The point here is that if, contrary to the foregoing, there was an incontrovertible benefit in the nature of a share of the performance fees at the expense of Matrix, this did not arise without these costs and expenses. It therefore follows that it is necessary to deduct these sums from the recoveries because the incontrovertible benefit is net of these costs and expenses. The gross sum never got into the hands of Musst. Its solicitors would have been bound to account to the litigation funders and the ATE insurers out of the moneys received by them, and likewise there would have been an entitlement of the solicitors to deduct their true costs subject to any solicitor and own client assessment.

183.

In the evidence of Ms Galligan, she said the following at para. 180-181 of her statement as follows:

“ 180. Musst received a total of $784, 367.51 from Octave and Astra in respect of LGT and the Observatory fees until Astra stopped paying in 2016. Musst was then successful in litigation against Astra in respect of the fees relating to The Observatory’s 2B account, and LGT’s Crown I account. Following that claim Musst’s solicitors held approximately £3.95million on behalf of Musst, comprised of sums received from Astra following judgment in that claim (made up of USD$4,100,240.81 and £675,725.64.) Of that, approximately £2.2million was paid to Musst’s litigation funder; approximately £475,000 was paid to its insurer; and approximately £1.2million to its lawyers.

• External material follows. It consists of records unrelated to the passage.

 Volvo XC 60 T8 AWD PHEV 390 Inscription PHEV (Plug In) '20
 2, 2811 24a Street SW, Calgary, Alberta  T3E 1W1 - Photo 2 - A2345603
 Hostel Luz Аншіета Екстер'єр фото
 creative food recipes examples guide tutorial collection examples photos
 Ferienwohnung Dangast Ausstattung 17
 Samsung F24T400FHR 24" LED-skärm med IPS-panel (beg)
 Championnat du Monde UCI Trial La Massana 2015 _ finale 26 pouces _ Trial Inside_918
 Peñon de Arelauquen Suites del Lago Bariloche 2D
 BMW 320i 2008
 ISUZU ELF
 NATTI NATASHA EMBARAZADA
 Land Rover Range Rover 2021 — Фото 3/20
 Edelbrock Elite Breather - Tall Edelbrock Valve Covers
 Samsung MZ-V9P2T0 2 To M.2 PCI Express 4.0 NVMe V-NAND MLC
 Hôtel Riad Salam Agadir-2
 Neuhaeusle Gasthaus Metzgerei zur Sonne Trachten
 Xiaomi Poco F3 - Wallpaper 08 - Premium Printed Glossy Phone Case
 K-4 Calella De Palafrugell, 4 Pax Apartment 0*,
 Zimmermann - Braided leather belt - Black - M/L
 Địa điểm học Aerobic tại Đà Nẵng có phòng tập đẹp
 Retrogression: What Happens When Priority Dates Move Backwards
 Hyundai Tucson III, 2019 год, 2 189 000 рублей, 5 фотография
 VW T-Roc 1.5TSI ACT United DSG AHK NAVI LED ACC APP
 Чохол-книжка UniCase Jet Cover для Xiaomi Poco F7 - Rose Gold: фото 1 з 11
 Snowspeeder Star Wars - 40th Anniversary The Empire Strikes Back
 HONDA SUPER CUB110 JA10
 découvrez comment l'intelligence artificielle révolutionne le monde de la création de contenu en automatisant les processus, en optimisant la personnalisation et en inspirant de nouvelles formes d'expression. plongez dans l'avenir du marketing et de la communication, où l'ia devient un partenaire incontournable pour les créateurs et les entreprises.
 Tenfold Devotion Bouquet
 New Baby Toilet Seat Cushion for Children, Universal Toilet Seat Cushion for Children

Musst has also received US$29,876.27 in respect of fees post-judgment in the Musst v Astra litigation.

181.Needless to say, Saleem and I have spent a huge amount of time in the last 9 years prosecuting the claim against Astra. We have had to liaise regularly with lawyers throughout this time and trawled through vast volumes of documents. The claim against Astra involved several interim applications including over disclosure, expert evidence and security for costs. The trial lasted 3 weeks and then there were subsequent hearings and an appeal hearing in the Court of Appeal.”

184.

It is not for the Court in these circumstances to analyse whether it was necessary to obtain litigation funding or ATE insurance or whether the costs incurred by Musst were too high. It is simply to calculate the amount of the benefit. In fact, if Matrix had been trading instead of going into liquidation, or if the assignment had been obtained at a much earlier stage, then Matrix could have seized the initiative and encouraged Musst to proceed with its funding of the action obviating in whole or in part the need for litigation funding or ATE insurance. Instead, that did not arise. I am satisfied that the extent of any incontrovertible benefit is limited to the amount received that was available to Musst after discounting the expenses incurred in order to obtain the benefit, in this case, the cost of the litigation funder, the cost of the ATE insurance and the legal costs. This is provided that these expenses will not be recovered on the detailed assessment of costs against Astra. The issue which would arise if these items were being brought into account as damages by reference to costs do not arise for the reasons set out above.